Arctic Planetary Science Institute
- Established: 2013
- Focus: Planetary science
- Chair: Teemu Öhman
- Location: virtual, Rovaniemi, Finland
- Website: planetaryscience.fi

= Arctic Planetary Science Institute =

The Arctic Planetary Science Institute, or APSI (Finnish: (unofficially) Arktinen planeettatutkimusinstituutti) is an independent organization dedicated to conducting science in planetary geology and other closely related fields. APSI focuses on research, public outreach, and collaboration with other similar minded parties.

APSI is a virtual and international institute operating through free interaction between scientists. It is run by Finnish planetologists and its headquarters is located at the Arctic Circle in Rovaniemi, Finnish Lapland (hence the name).

The institute was formed in 2013 and officially registered in Finland in 2015. Currently (2018) it has 12 scientists operating in three countries.

== Science ==
Research in APSI is not restricted to specific topics. Current projects include:
- Age determination of impact craters in Fennoscandia;
- Interaction between glacial and volcanic activity in the Hellas region on Mars;
- Venusian surface mapping;
- Public outreach.
The institute has its own scientific contribution series. As of March 2018, there are nine APSI contributions.

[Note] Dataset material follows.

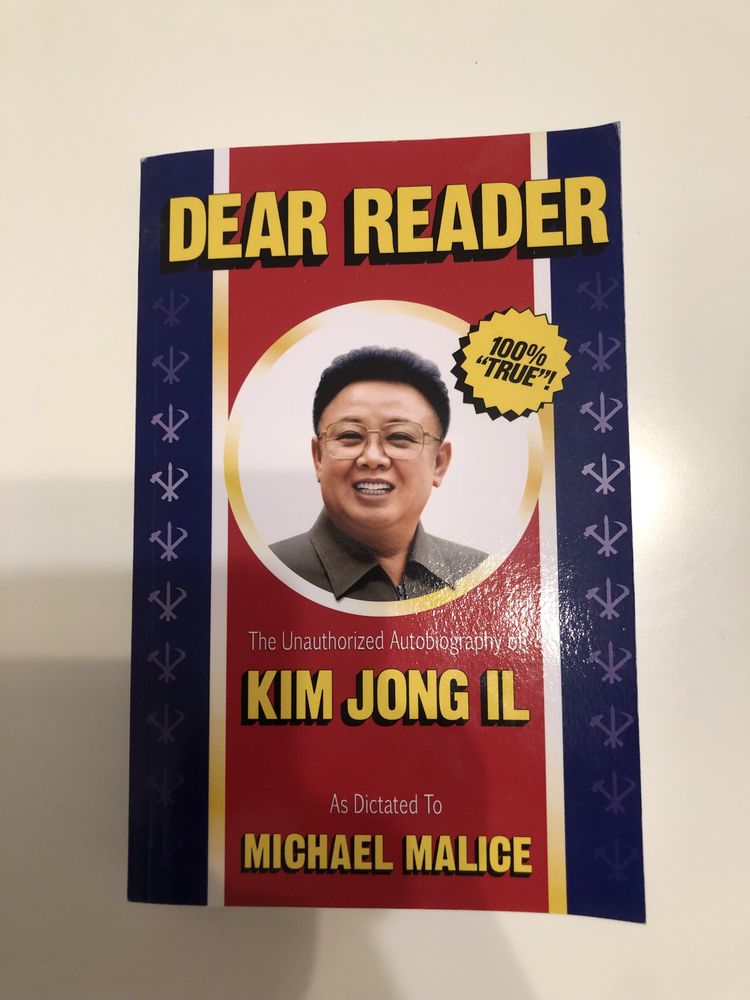 Kim Jong Il Dear Reader the unaurhorized biography książka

In 2016 APSI saved NASA's Nordic Regional Planetary Image Facility by moving the materials to Lappajärvi. Previously the NRPIF was situated at University of Oulu.

== Insignia ==
In the APSI insignia design, the lighter sphere represents Earth and the darker one other solid surface bodies in the Solar System. The curved line represents information flow towards Earth. The relative sizes of the spheres correspond to those of Earth and Mars, with the bulge at the end of the curved line corresponding to the relative size of the dwarf planet Pluto. The line transecting the top of both Earth and the acronym "APSi" represents the northern polar circle.